WASHINGTON, D.C. — South Dakota’s process for removing Indian children from their homes in emergency situations is inadequate to provide parents and children with their due process rights, two tribes and tribal members tell the U.S. Supreme Court in their July 22 reply in support of their petition for a writ of certiorari (Oglala Sioux Tribe, et al. v. Lisa Fleming, et al., No. 18-1245, U.S. Sup.).
MADISON, Wis. — A Wisconsin Indian tribe sued oil companies July 23 seeking the removal of a pipeline across the tribe’s reservation, saying easements for the pipeline have expired and its location presents an ongoing threat of an oil spill and “environmental catastrophe” (Bad River Band of the Lake Superior Tribe of Chippewa Indians of the Bad River Reservation v. Enbridge, Inc., et al., No. 3:19-cv-602, W.D. Wis.).

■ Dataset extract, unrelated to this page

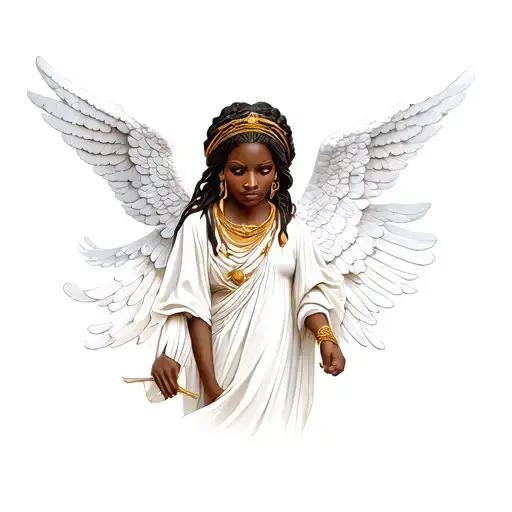 African Flying Guardian Angel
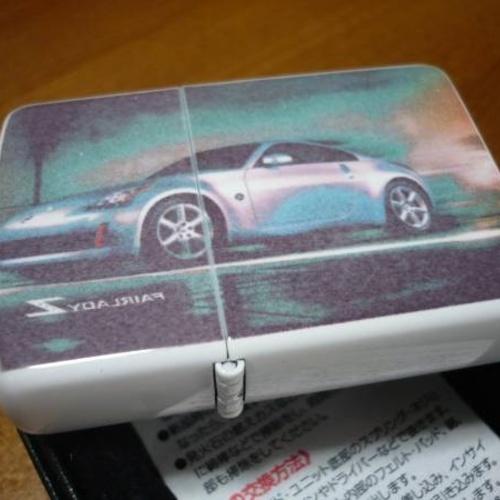日産　フェアレディZ　逆プリント  【ZIPPO】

SYRACUSE, N.Y. — A woman who formerly worked for an Indian casino cannot sue the casino for employment discrimination because, as an arm of a federally recognized Indian tribe, the casino is not an “employer” under Title VII of the Civil Rights Act of 1964, a New York federal magistrate judge ruled July 24 (Lucinda A. Johnson v. Oneida Nation Enterprise, LLC, No. 5:19-cv-853, N.D. N.Y., 2019 U.S. Dist. LEXIS 123154).
WASHINGTON, D.C. — A farming couple cannot hold the United States liable for the termination of their leases on Indian land by the Bureau of Indian Affairs (BIA), but they may have a remedy with the BIA through the administrative appeals process, the Federal Circuit U.S. Court of Appeals said July 24 (Vernon Moody, et al. v. United States, No. 18-2227, Fed. Cir., 2019 U.S. App. LEXIS 22038).

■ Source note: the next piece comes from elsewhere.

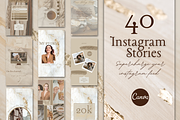 Instagram Template Blogger Neutral, a Social Media Template by Faytemplates (Thumbnail 5 of 9)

RIVERSIDE, Calif. — The United States on July 16 asked a California federal judge to reconsider his ruling that a Native American tribe lacks standing to assert a claim for quantification of how much groundwater it has a right to or to assert that the water must be of a certain quality (Agua Caliente Band of Cahuilla Indians, et al. v. Coachella Valley Water District, et al., No. 13-883, C.D. Calif.).
TULSA, Okla. — A federal judge in Oklahoma on July 23 remanded to state court a class action against oil companies regarding earthquake damage allegedly caused by hydraulic fracturing operations, ruling that the local exception requirement to federal class action law had been met (James Adams v. Eagle Road Oil LLC, et al., No. 18-568, N.D. Okla., 2019 U.S. Dist. LEXIS 122424).